Il miracolo di Gesù è raccontato dall’evangelista in poche righe. L’iniziativa di incontrare il cieco è soltanto sua. Subito però si scatena la domanda sulle cause di tale handicap. I discepoli dibattono su un’antica convinzione: la malattia è la diretta o indiretta conseguenza del peccato di una persona o di chi l’ha generata. Diversamente dai discepoli, interessati soltanto a questo problema teologico, Gesù guarda all’uomo nella sua situazione concreta, unicamente preoccupato di affermare il vero significato della malattia: non è segno di maledizione, ma occasione di salvezza e, al contempo, un’esperienza in cui si manifesta l’azione di Dio. Intende precisare non l’origine della sofferenza, ma il significato che essa assume nel piano divino.
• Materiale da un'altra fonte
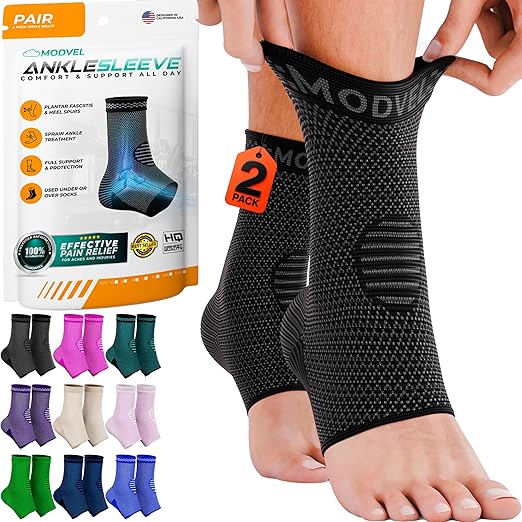 Modvel Foot & Ankle Brace Socks for Sprained Ankle Compression Sleeve - Plantar Fasciitis Relief Brace, Foot Support for pain Women & Men - Tendonitis & Arthritis Feet Sleeve, Stabilizing Ankles Wrap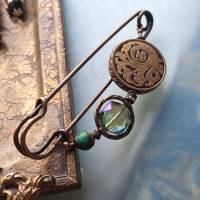 XXL Tuchnadel Om Messing Ornament , Bronze Schalnadel floral, Grün, Pink und Türkis  N10-AB-45 Bild 6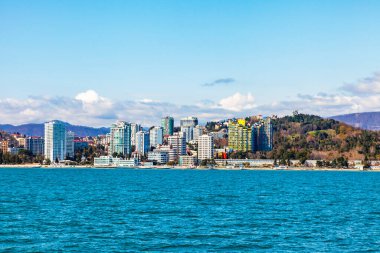 Sochi, Rusya, 13 Nisan 2021. Zevk gemisinin yönetim kurulundan Sochi 'nin pitoresk seti manzarası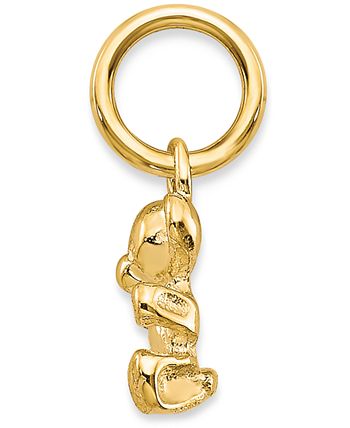 Collectible 14K Gold Detailed Floating Teddy Bear w/ Diamond Eyes Charm  Pendant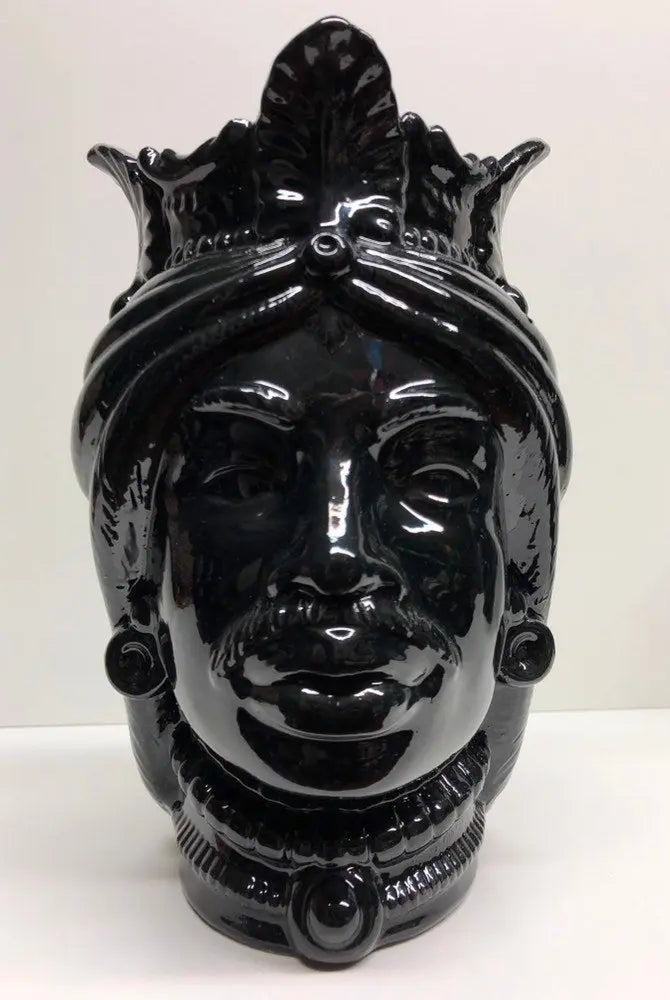 Teste di Moro Afro Ceramica Caltagirone cm H.25 L.17 Artigianale Nero Lucido - DD CERAMICHE SICILIANE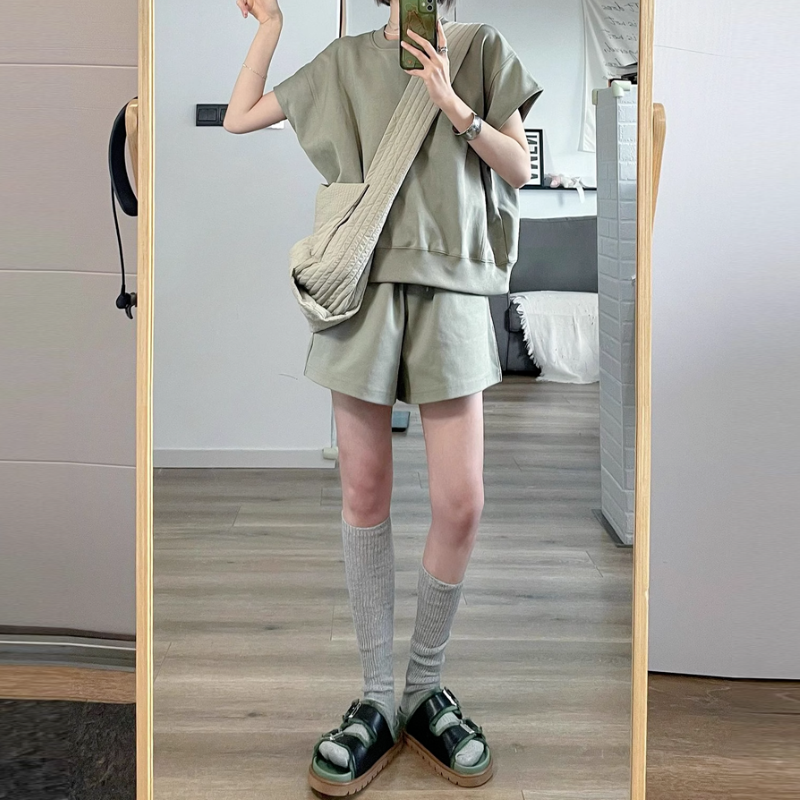 【單品可選】韓流正夯 空氣感運動套組 減齡休閒風上衣+短褲組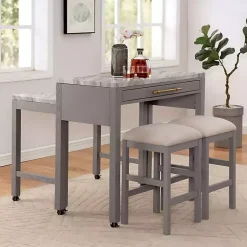 Kirklands Home Dining Tables|Gray and White Faux Marble Nested Counter Table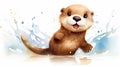 Adorable Watercolor Otter Cartoon: Detailed Kids\' Show Style Illustration on White Background.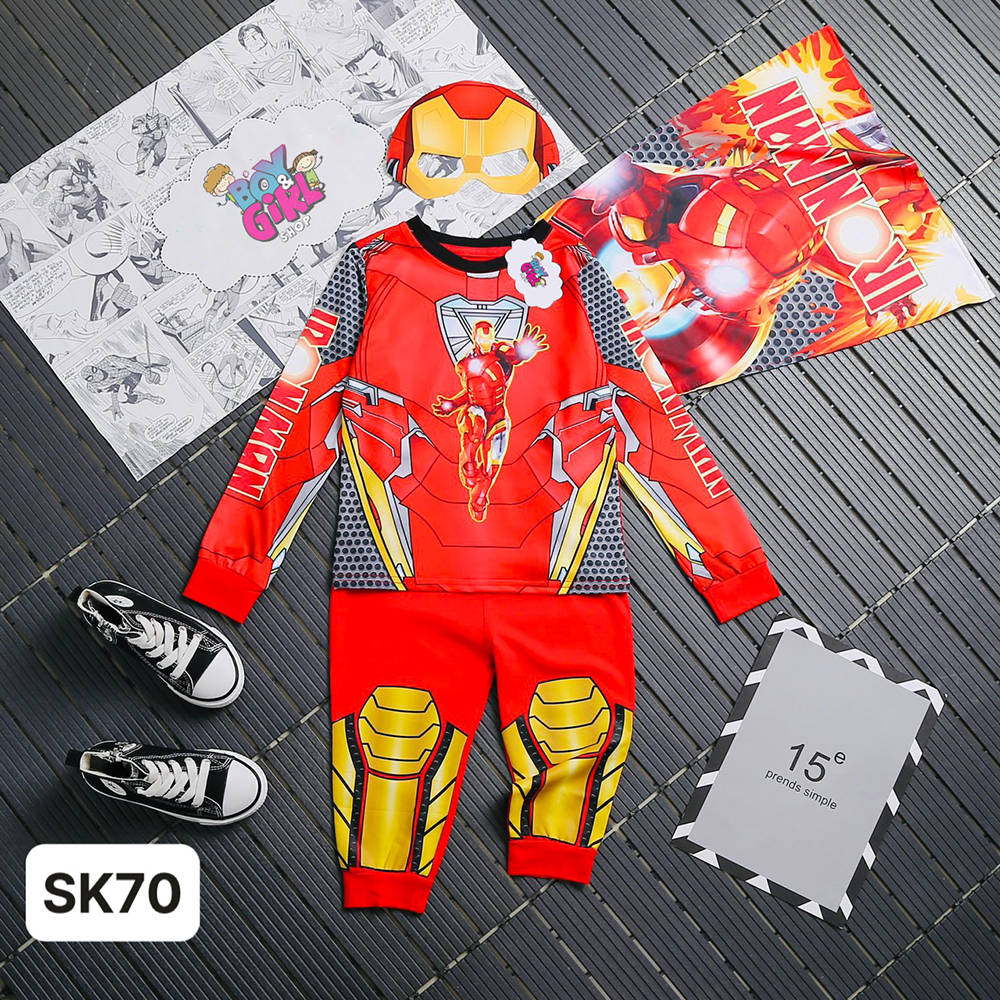 Quần áo siêu anh hùng 2023, TẶNG MẶT NẠ ÁO CHOÀNG bộ đồ Siêu nhân người nhện Spider-Man dài tay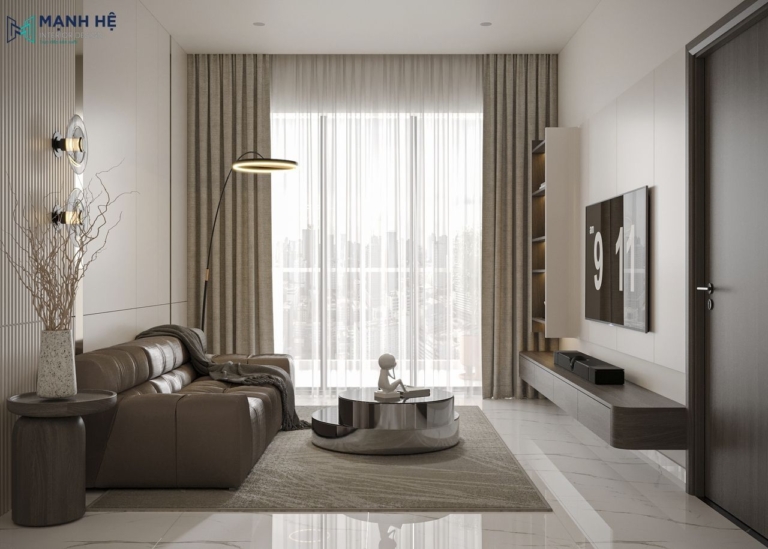 Tổng quan phòng khách tràn ngập ánh sáng tự nhiên nhờ hệ cửa kính lớn tích hợp hệ rèm 2 lớp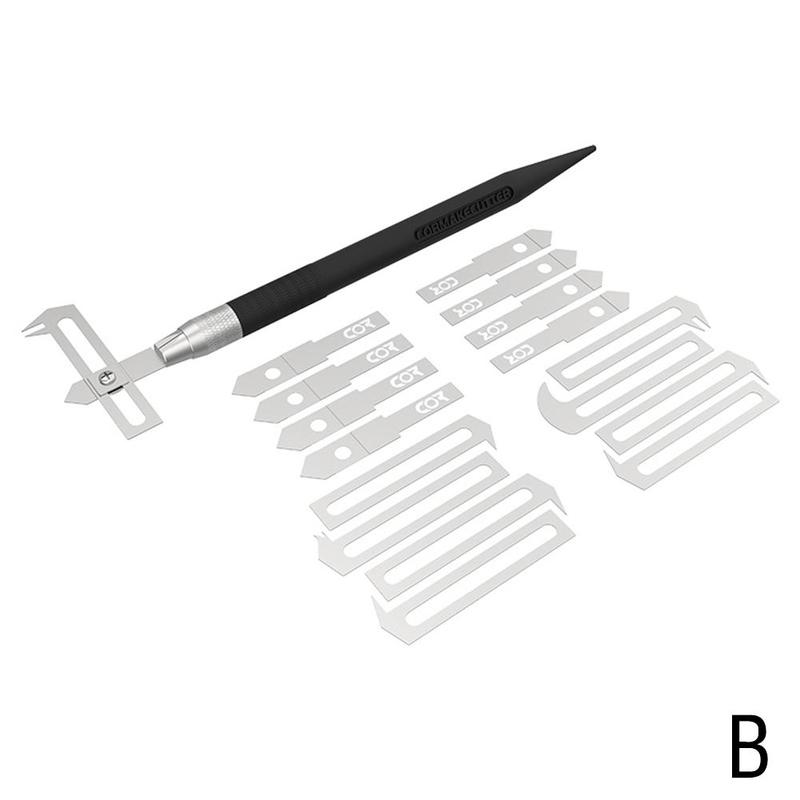 Mirror Carving Knife Handle And Blade Making Modification Tool For Gundam Mecha Model Manual DIY Parallel Symmetrical Line Knife: B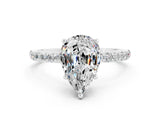 White gold Pear Cut Diamond Pavé Band with Six-Prong Setting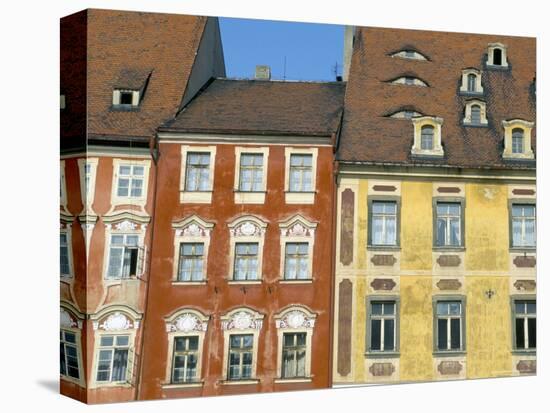 Medieval Market Square Buildings, Cheb, Bohemia, Czech Republic-Upperhall-Stretched Canvas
Dopo la breve narrazione del miracolo, ecco la parte più importante, ovvero un altro dibattito che esso suscita. Con un ritmo alquanto rapido si susseguono diversi interrogatori: il cieco messo sotto investigazione prima dalla folla e poi dai farisei; i suoi genitori messi sotto torchio dai giudei; il cieco nuovamente interrogato da questi ultimi. Le disquisizioni hanno il compito di far uscire allo scoperto le diverse posizioni e reazioni di fronte a Gesù: perplessità, incertezza e opposizione riguardo alla sua identità, ottusità nel negare il miracolo. Si nega pure che si tratti di un miracolo che viene da Dio, dal momento che è stato fatto violando il giorno di sabato, e quindi in uno stato di peccato.
In contrasto e in opposizione con la progressiva ottusità e cecità dei farisei, che presumono di avere la verità in tasca, il cieco, riconoscendo Gesù come profeta e inviato di Dio, si riempie di luce interiore. Egli, dopo essere stato scomunicato ed espulso dalla sinagoga, viene nuovamente raggiunto da Gesù. A questo punto l’uomo guarito professa la sua fede nel Messia, dicendo «Credo» e prostrandosi ai suoi piedi. Condensa in una parola e in un semplice gesto tutta la sua riconoscenza per il dono della salvezza che l’ha raggiunto.